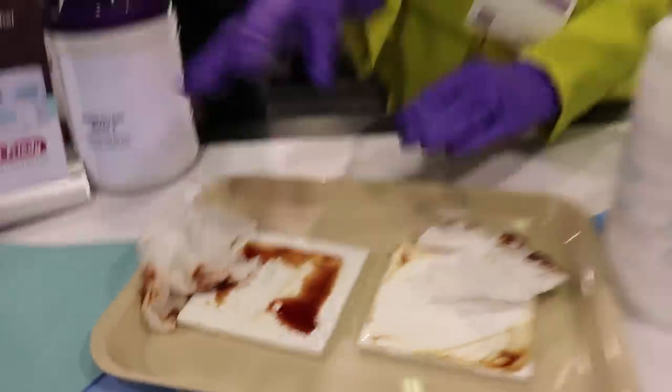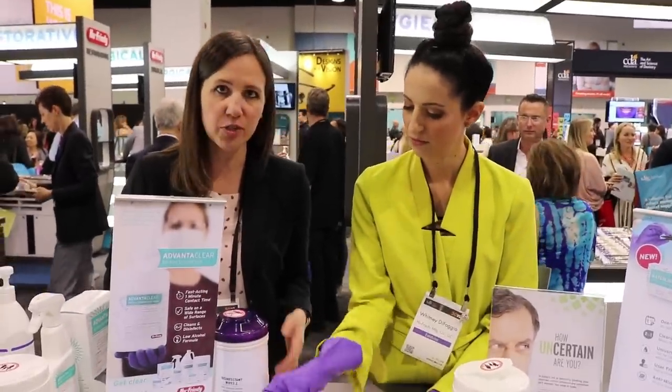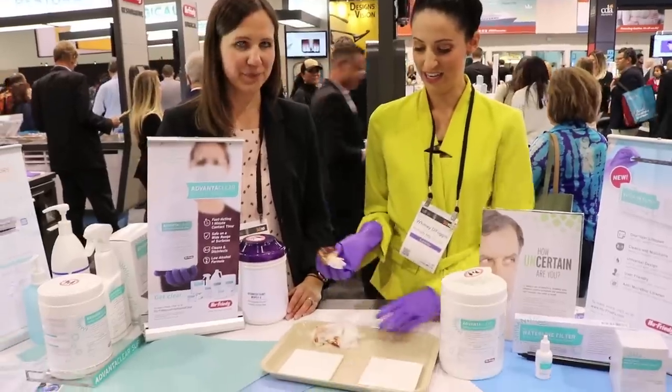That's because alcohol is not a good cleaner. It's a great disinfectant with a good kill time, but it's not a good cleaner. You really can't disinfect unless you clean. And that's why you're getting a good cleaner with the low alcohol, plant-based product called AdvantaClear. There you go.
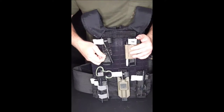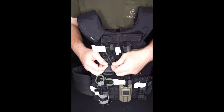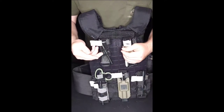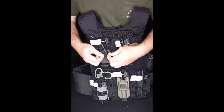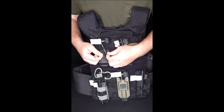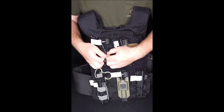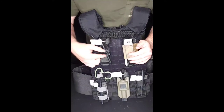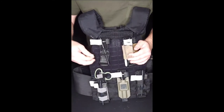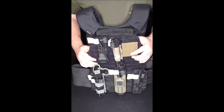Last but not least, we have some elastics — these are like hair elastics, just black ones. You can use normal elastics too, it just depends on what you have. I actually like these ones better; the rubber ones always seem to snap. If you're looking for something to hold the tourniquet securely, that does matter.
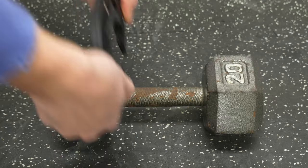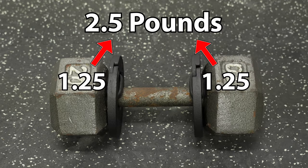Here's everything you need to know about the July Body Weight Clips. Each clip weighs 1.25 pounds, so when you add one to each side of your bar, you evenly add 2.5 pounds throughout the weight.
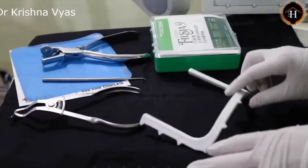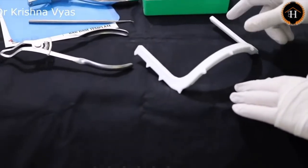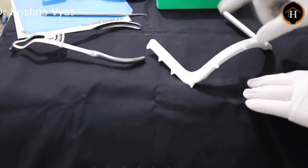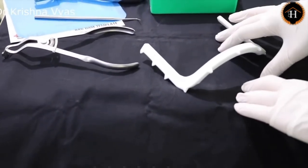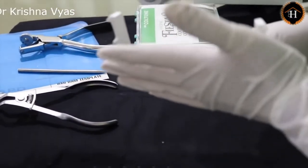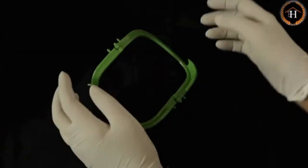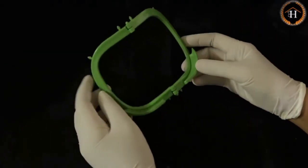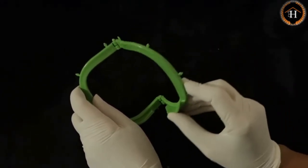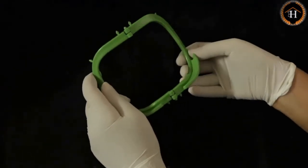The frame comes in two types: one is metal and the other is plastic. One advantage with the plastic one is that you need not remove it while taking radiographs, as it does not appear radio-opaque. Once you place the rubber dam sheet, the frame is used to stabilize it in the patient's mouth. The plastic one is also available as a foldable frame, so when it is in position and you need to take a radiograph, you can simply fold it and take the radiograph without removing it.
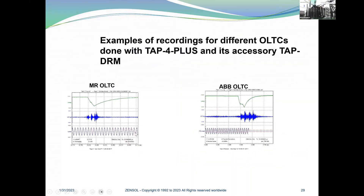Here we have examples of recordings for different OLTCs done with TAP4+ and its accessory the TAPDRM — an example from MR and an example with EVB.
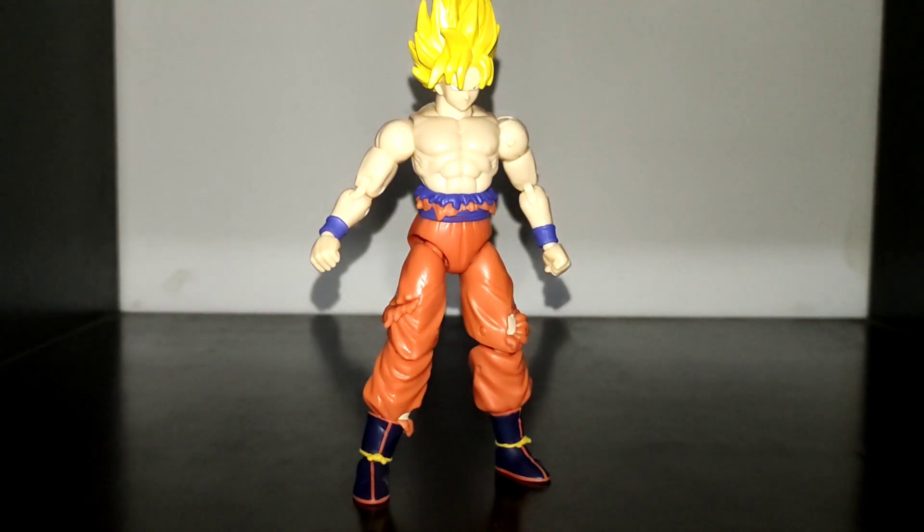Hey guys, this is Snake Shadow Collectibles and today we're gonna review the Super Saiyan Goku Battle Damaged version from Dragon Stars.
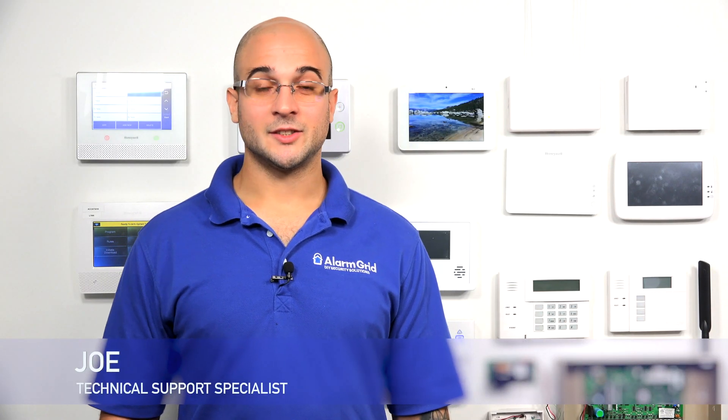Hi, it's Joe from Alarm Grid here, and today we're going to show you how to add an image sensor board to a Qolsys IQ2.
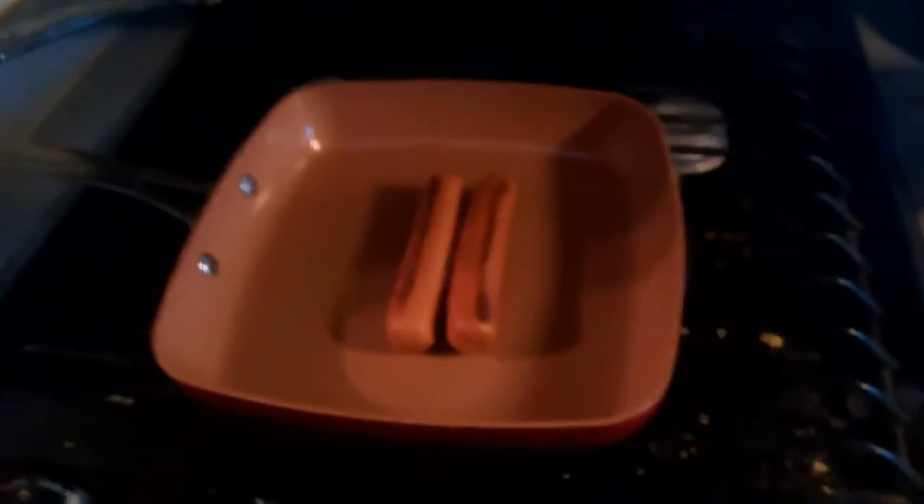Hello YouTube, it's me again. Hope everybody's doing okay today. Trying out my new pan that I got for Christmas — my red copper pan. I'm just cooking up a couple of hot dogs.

------------------------------------

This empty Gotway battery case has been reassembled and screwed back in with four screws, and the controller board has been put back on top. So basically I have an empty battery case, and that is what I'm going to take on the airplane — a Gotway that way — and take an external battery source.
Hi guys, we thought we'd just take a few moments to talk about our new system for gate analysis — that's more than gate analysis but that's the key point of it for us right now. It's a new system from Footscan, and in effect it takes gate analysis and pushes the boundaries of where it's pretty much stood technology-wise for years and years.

------------------------------------

EXERCISE: In the listing above, find the line with "Hey guys, this" and the line with "Hi, it's Joe". Copy both of them and every line between, exactly, but not the pictures.

OUTPUT:
Hey guys, this is Snake Shadow Collectibles and today we're gonna review the Super Saiyan Goku Battle Damaged version from Dragon Stars.
Hi, it's Joe from Alarm Grid here, and today we're going to show you how to add an image sensor board to a Qolsys IQ2.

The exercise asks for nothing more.